What does the future of women's tennis in India look like?

As Sania Mirza prepares to hang up her boots, we delve deep into the ground-level scenario of women’s tennis in the country

1 August 2024, Roland Garros, Paris: The Indian tricolour has taken over the entire stadium as Karman Thandi and Rutuja Bhosale walk on to Court Philippe Chatrier. It is the semi-final of the Olympics doubles event, and the hopes of a billion-and-a-half people rest on their proud young shoulders. No pressure.

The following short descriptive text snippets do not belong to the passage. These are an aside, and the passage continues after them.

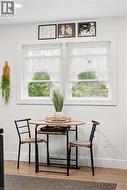 Recessed ceiling lighting illuminates a white wall with two windows featuring white trim - 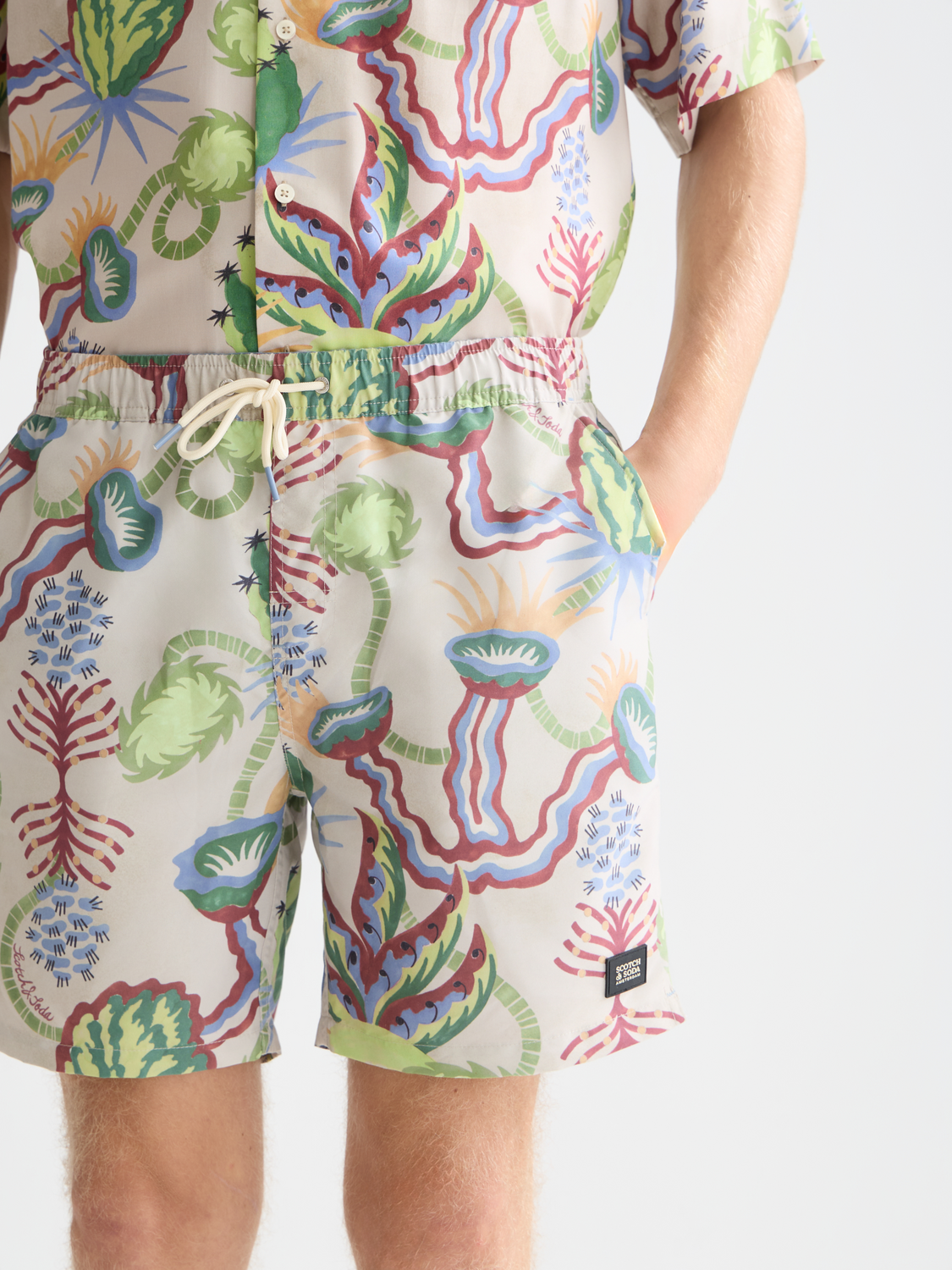 Printed swimshorts from Scotch & Soda, stylish men's swimwear with vibrant pattern, displayed on a plain background.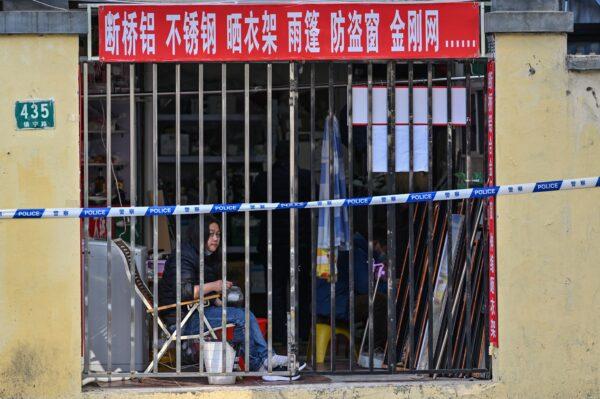 A person looks on from a closed shop next to a neighborhood in lockdown, as people are tested for COVID-19 in Shanghai on March 23, 2022. (Hector Retamal/AFP via Getty Images)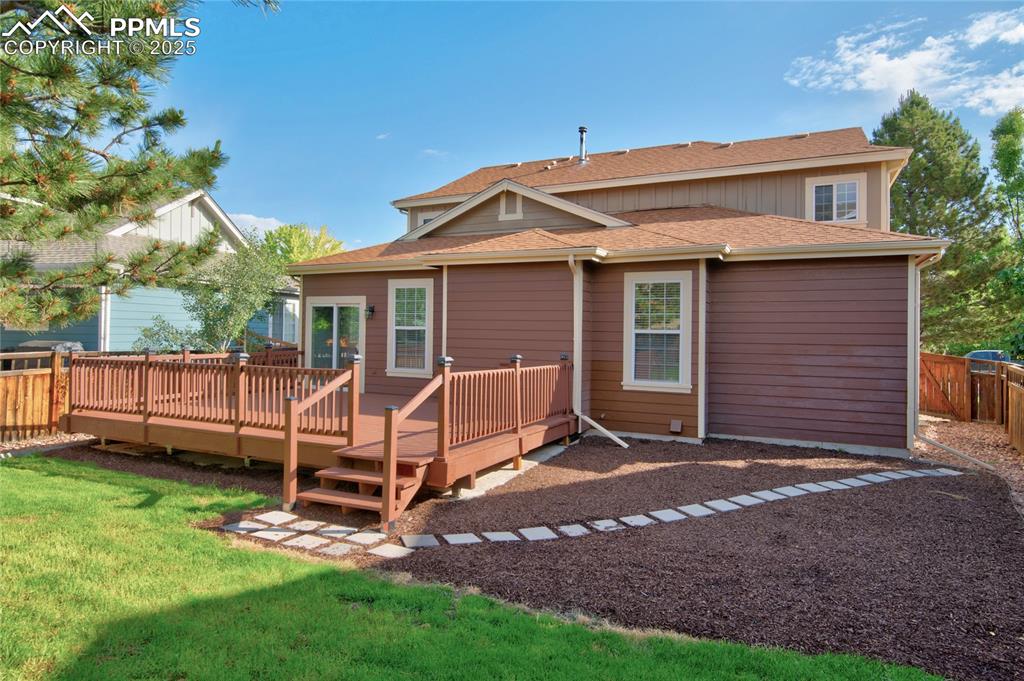 Image 23 of 23: Rear view of property with a deck and a shingled roof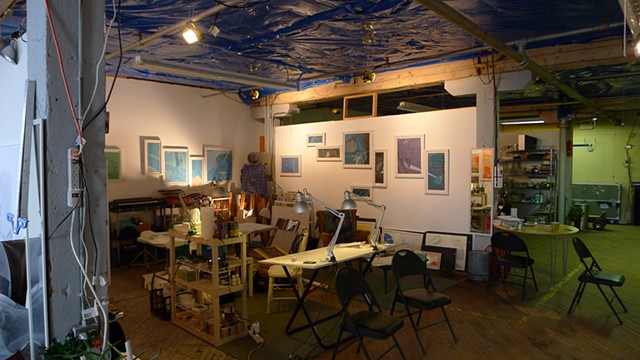 View of artist studio workplace in Chicago with colorful, multi-panel paintings by Steven L. Jones
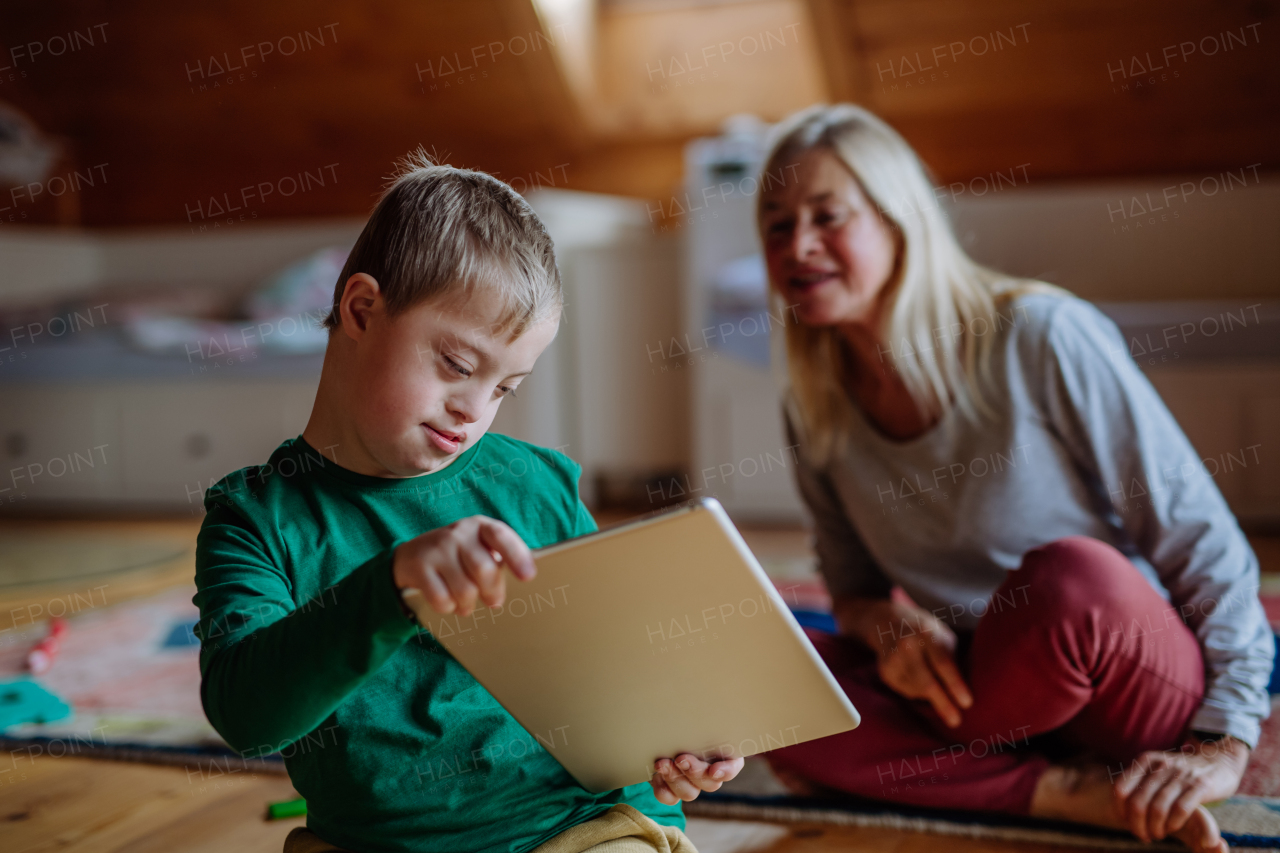 A child with Down syndrome sitting on floor and using tablet with grandmother at home.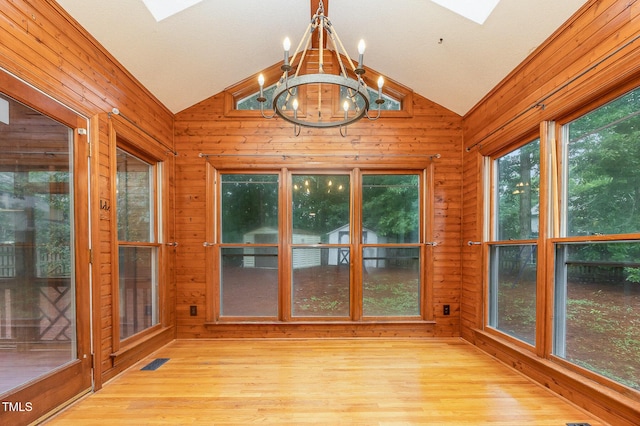 105 Houston Cir, Cary, NC 27513 - unfurnished sunroom with a skylight, vaulted ceiling, wood walls, wood finished floors, and a chandelier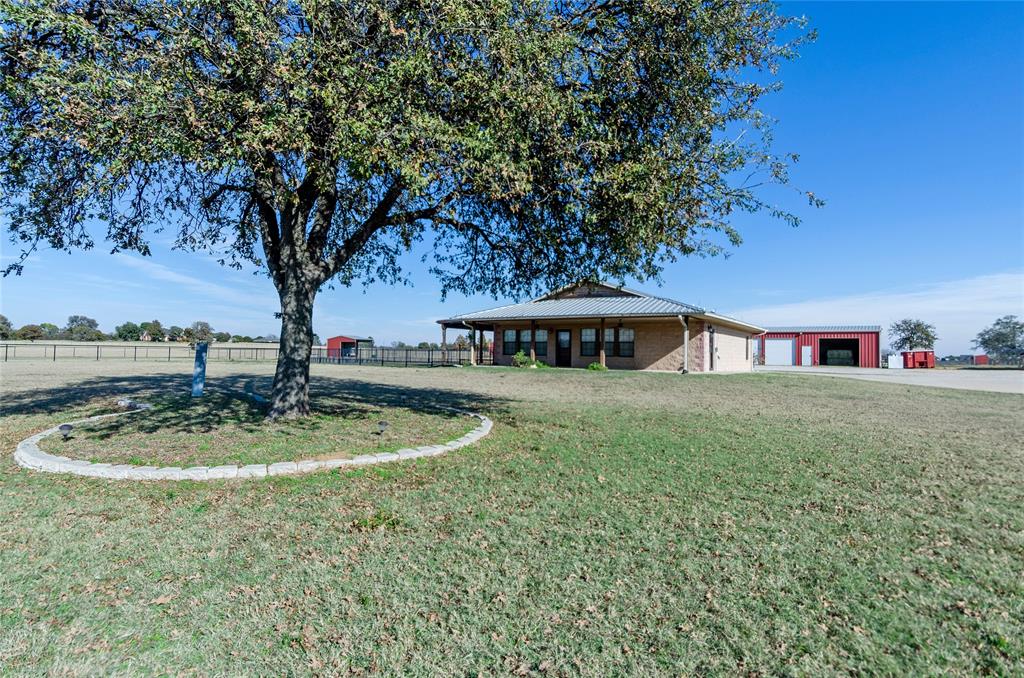 395 Yacht Club Road Oak Point, TX 75068 - Photo 21 of 23 View of yard with a garage and an outbuilding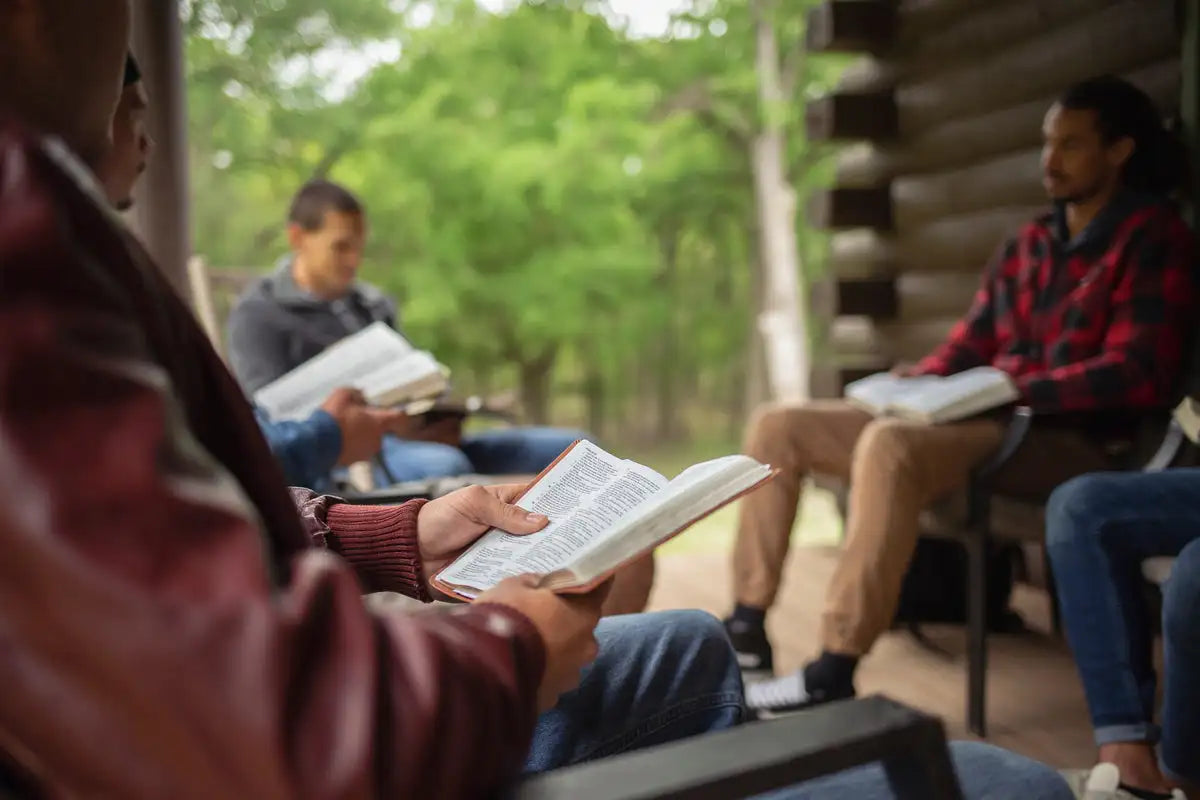 Open bible with red leather binding held by a person in a maroon jacket.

Reality check: This is 2022, and yes, it is an Olympic dream that, in two years, will have a binary outcome. But tennis dreams do come true, as Leander Paes proved in Atlanta in 1996. If our dream scenario plays out, Thandi and Bhosale can draw strength from the fact that two young Indian women tried to fulfill that dream in the very city, exactly a hundred years before Nora Polley and Mehri Tata (Lady Meherbai Tata) did.

In 1924, the last time the Olympics were held in Paris, Polley lost in the singles round of 16 to future multiple-Grand Slam-winner Lili Alvarez of Spain, and partnering Indian Davis Cup captain Sydney Jacob, she also lost the mixed doubles at the same stage. Polley and Tata (the wife of Dorab Tata, and daughter-in-law of Jamsetji Tata) may not have won India’s first Olympic tennis medal, but by competing at Paris, they paved the way for Indian women to play competitively at the highest level of the sport in the decades that followed.

Nora Polley and Lady Meherbai Tata (in picture) may not have won India’s first Olympic tennis medal, but by competing at Paris, they paved the way for Indian women to play competitively at the highest level of the sport. 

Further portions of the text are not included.